Siamo lì, nella sala di pratica, con altri aspiranti.
L'insegnante ci conduce gradualmente a perfezionare la postura da seduti (di solito Siddhasana).
Ci dice di tenere la colonna vertebrale ben diritta, ma con la quinta lombare spinta in avanti. La nuca è tirata verso l'alto, col mento leggermente rientrato.
Poi ci guida nell'osservazione del respiro, dicendo di dare particolare enfasi all'espiro, che dev'essere lungo, profondo e...scendere verso il ventre.
Ad un certo punto, dopo diverse sedute di questo tipo, ci può dire di lasciar perdere anche il respiro e...dimorare nella nostra intima essenza.
E qui cominciano i nostri problemi di "meditanti": che sarà mai questa "intima essenza?"
Finché si trattava di rimanere "agganciati" a qualcosa di "percepibile" la nostra unica difficoltà risiedeva solo nel mantenere la "mente ferma" sull'oggetto della pratica.
Ma l'essenza? Come si percepisce l'essenza, il sé, la coscienza, la natura autentica?
Il punto da comprendere bene a questo riguardo è che l'essenza non è percepibile.
Nell'essenza, nel sé, si può solo dimorare attraverso un "processo" di "reintegrazione".

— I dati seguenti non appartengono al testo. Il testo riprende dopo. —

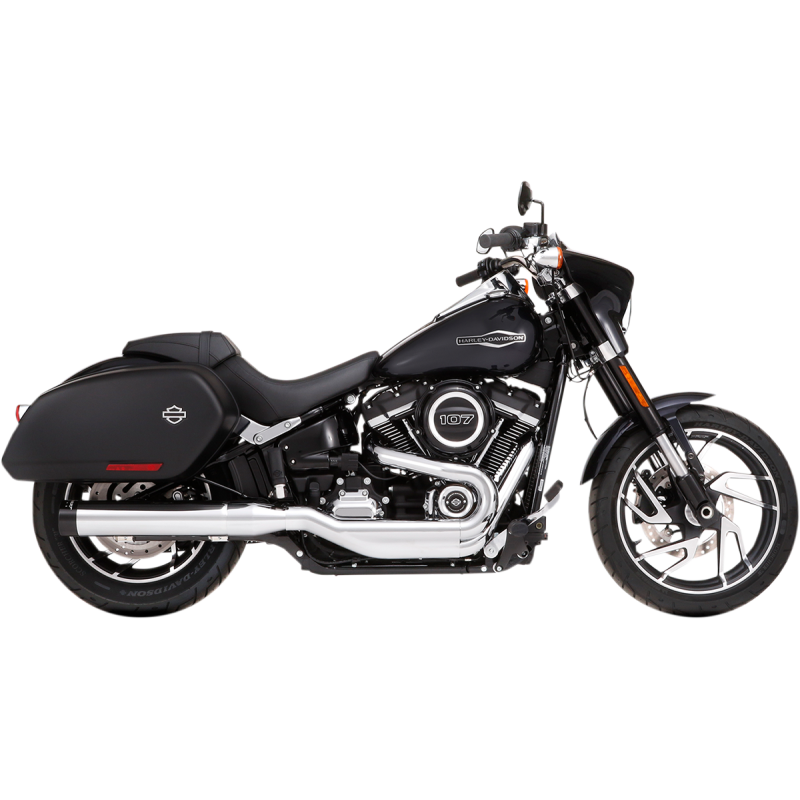 4" Slip-On Mufflers, Chrome with Black End Caps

Divenendo esperti in questo processo di "riassorbimento" (ciò che viene definito pratyahara e dharana, cioè ritrazione dei sensi all'interno e concentrazione prolungata) naturalmente ci si riassorbe nella propria essenza, questo è il dhyana, la meditazione.
Allora resta solo una "limpida chiarezza" una viva trasparenza in cui non vi è più né osservatore né sensazioni da osservare. In questo stato il soggetto e l'oggetto si sono fusi. Niente più dualità.
Questo, naturalmente, è uno stato che all'inizio si sperimenta solo per brevi istanti - in genere si ricade subito in qualche tipo di sensazione, percezione o pensiero - ma tanto può bastare per lasciare un segno profondo nella nostra coscienza.
La nostra parte più intima ha "toccato" qualcosa.
Col tempo, e con la pratica assidua, i tempi di "permanenza" in questo "stato" di riassorbimento si allungano.
Ma occorre pazienza. Occorre capire che il "processo" è lungo (o dio...sin dalla prima "seduta" si possono avere forti esperienze, poi comunque si deve procedere, approfondire). E' un po' come fare immersioni e diventare esperti sommozzatori. Ma non ci si immerge per diventare esperti sommozzatori, piuttosto per il "piacere" dell'immersione (e di Piacere se ne scopre a tonnellate nella meditazione, quando si dimora nel sé).
Per questo bisognerebbe avere proprio una gran voglia di approfondire ciò che dicono quei testi che parlano di sé e non-sé.
Soprattutto bisognerebbe leggerne qualcuno, di quei testi, se veramente si vuol capire la meditazione. Leggere e praticare.
Ad esempio si può leggere Krishnamurti, gli Aforismi dello yoga di Patanjali, Aurobindo, qualche testo tibetano sulla meditazione, o qualche testo di matrice zen.
Insomma, ce n'è! Basta volerlo fare.